Securities & Capital Markets
McGuireWoods represents some of the nation’s largest businesses and financial institutions in complex securities and capital markets matters, including public and private securities offerings and compliance under the Securities Act of 1933 and the Securities Exchange Act of 1934. We rank among the top law firms for debt and equity issuances based on deal volume and dollar value in reputable, benchmarking league tables published by Refinitiv and Bloomberg and have earned repeated honors from the International Financial Law Review, including for Debt and Equity Linked Deal of the Year.
Over the past two years, the firm has served as counsel in initial public offerings, follow-on public offerings and private securities offerings with an aggregate market value exceeding $50 billion.
McGuireWoods handles complicated corporate and securities matters, including registered public offerings, private placements, exchange offers, exempt offerings, financial advisory services, equity plan registrations, shelf registrations and subsequent takedowns of debt, equity and hybrid securities, medium-term note programs, sales of debt in European and other foreign markets, and offerings of structured products and securities. We also help public companies with tender offers, redemptions and consent solicitations, and we advise on complex sustainable financing transactions, such as impact investing, green and blue bonds, blended finance structures and structured sustainability-linked loans.
In the equity-raising arena, we represent corporate issuers in IPOs, including those involving special-purpose acquisition companies, follow-on offerings and private placements in public enterprises.

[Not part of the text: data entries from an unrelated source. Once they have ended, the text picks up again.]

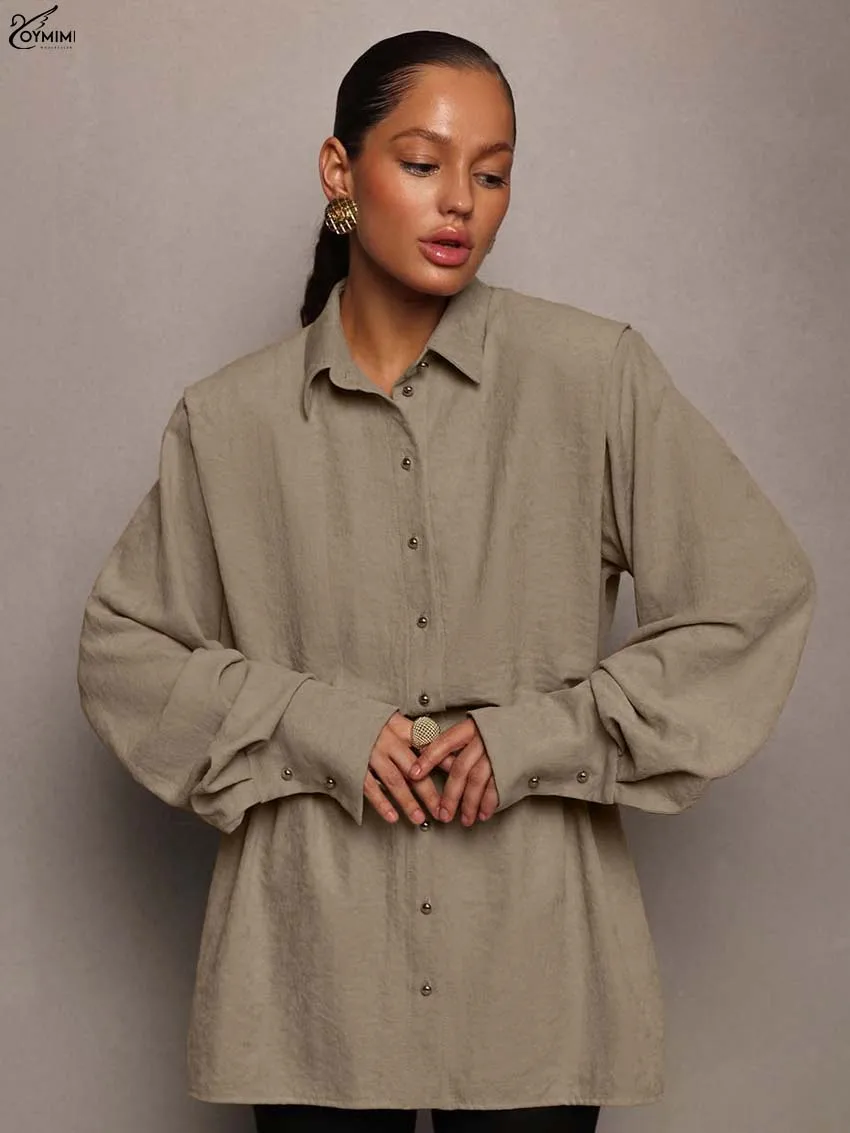 Oymimi Elegant Khaki Pleated Women's Shirt Fashion Lapel Long Sleeve Single Breasted Shirts Casual New High Waisted Solid Shirts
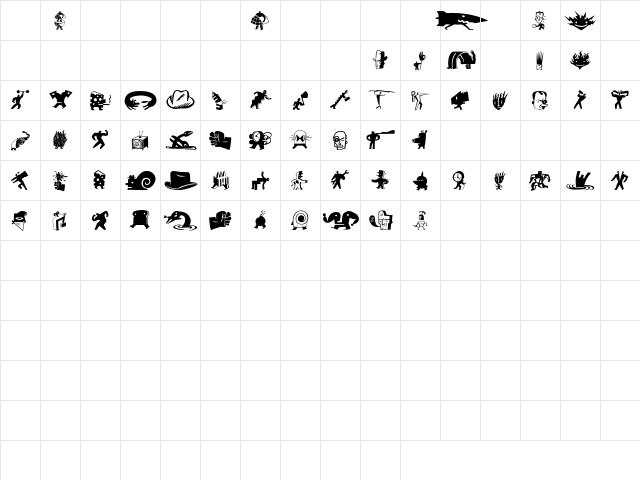 BigCheeseDark Regular  glyph index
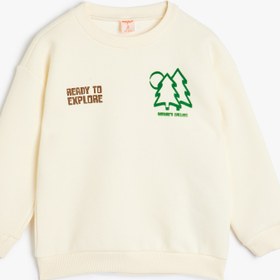 Resim Erkek Bebek Doğa Temalı Bisiklet Yaka Baskılı Şardonlu Sweatshirt 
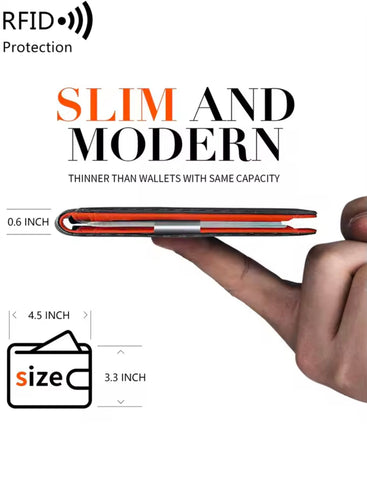 Minimalist men's wallet RFID anti-theft brush ultra-thin double fold 12 card wallet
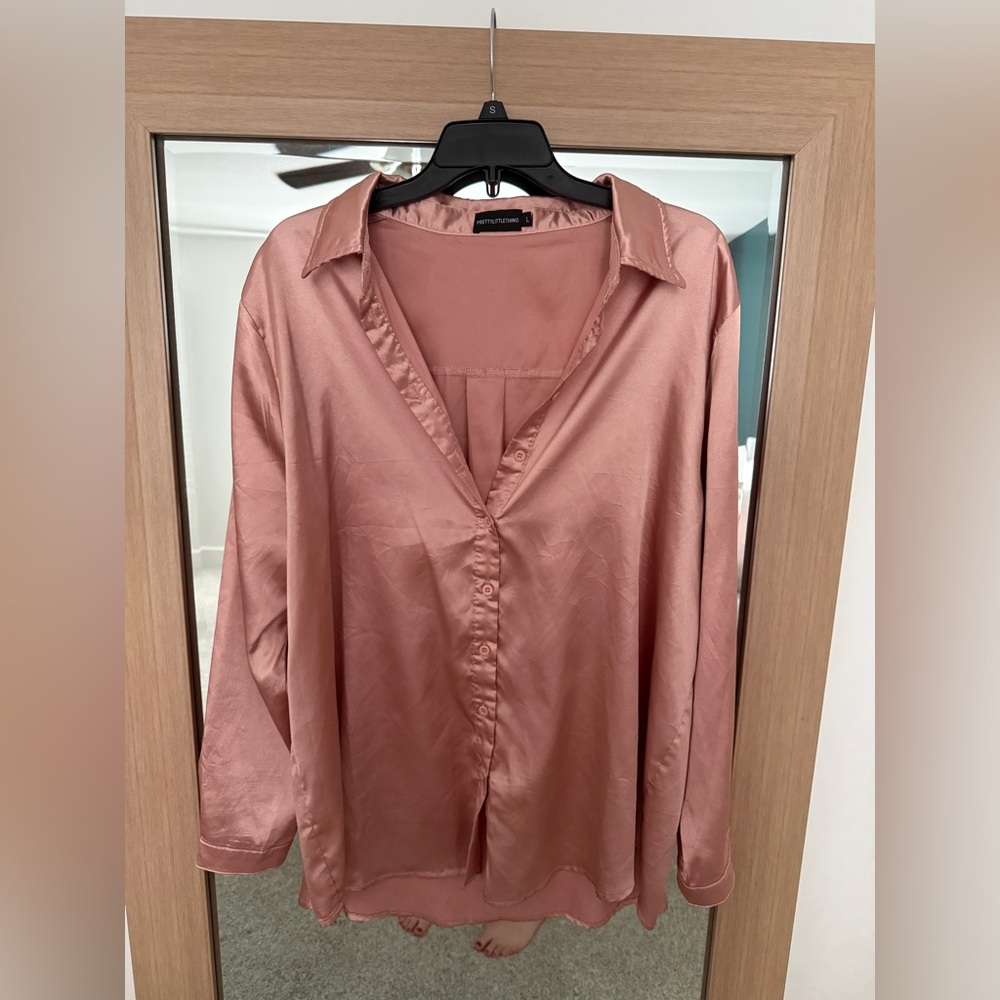Pretty Little Thing Pink Button Down Shirt Relaxed Notched Collar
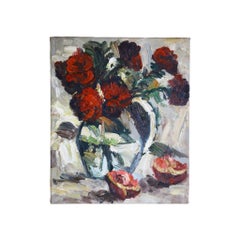 Vintage Expressionist Stillleben Ölgemälde auf Leinwand C. 1970's, Französisch Schule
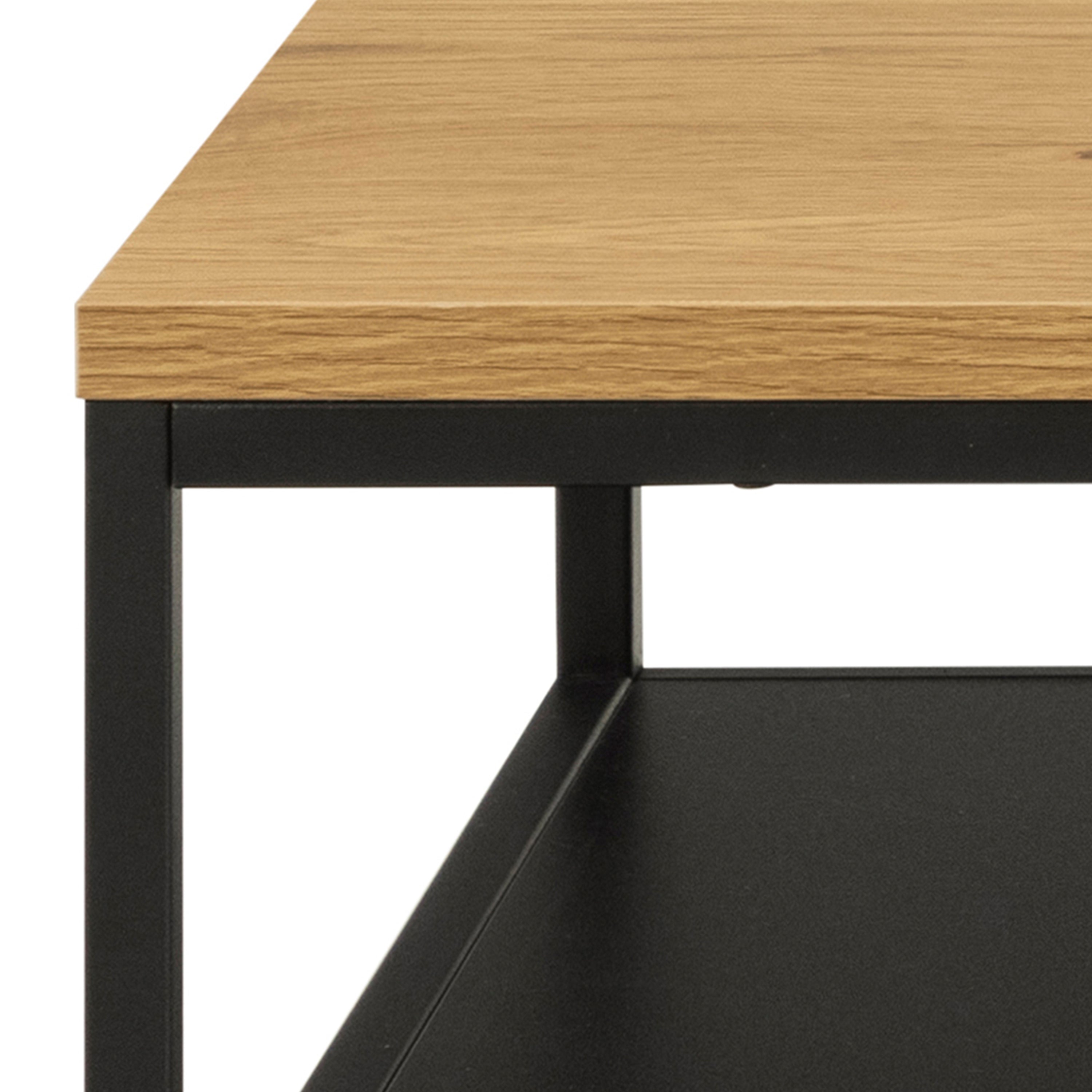 Gila Coffee Table with Open Shelf in Oak & Black – FTG, view 6
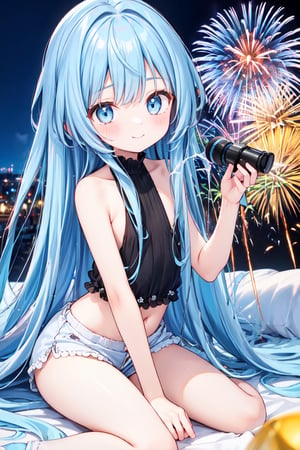 masterpiece, best quality, extremely detailed, (illustration, official art:1.1), 1 girl ,(((( light blue long hair)))), ,(((( light blue long hair)))),light blue hair, , long hair ((blush)) , cute face, big eyes, masterpiece, best quality,(((((a very delicate and beautiful girl))))),Amazing,beautiful detailed eyes,blunt bangs((((little delicate girl)))),tareme(true beautiful:1.2), sense of depth,dynamic angle,,,, affectionate smile, (true beautiful:1.2),,(tiny 1girl model:1.2),)(flat chest) ,(((black high neck sleeveless top:1.3)))、shorts、firework会場、firework ,Photographing the sky from below,Precise focus,randome pose,cinema4d,Drama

We help financial institutions create and issue classes of equity securities designed to ensure they satisfy their capital requirements under regulatory frameworks.
Our lawyers counsel public companies on investment-grade and high-yield debt offerings, including senior, subordinated and junior subordinated note offerings, as well as Rule 144A/Regulation S offerings. And they assist issuers and guarantors with secured bond issuances.
McGuireWoods provides experienced counsel to publicly traded businesses of all sizes, from Fortune 500 organizations, to newly formed public companies, to smaller reporting companies. We assist clients whose securities are listed on various exchanges, including Nasdaq, the NYSE and AIM. We work with clients across industries, notably consumer products, energy, financial services, hospitality, pharmaceuticals and medical devices, manufacturing, retail, technology and transportation. The team understands the industry-specific securities compliance issues and reporting requirements that affect clients.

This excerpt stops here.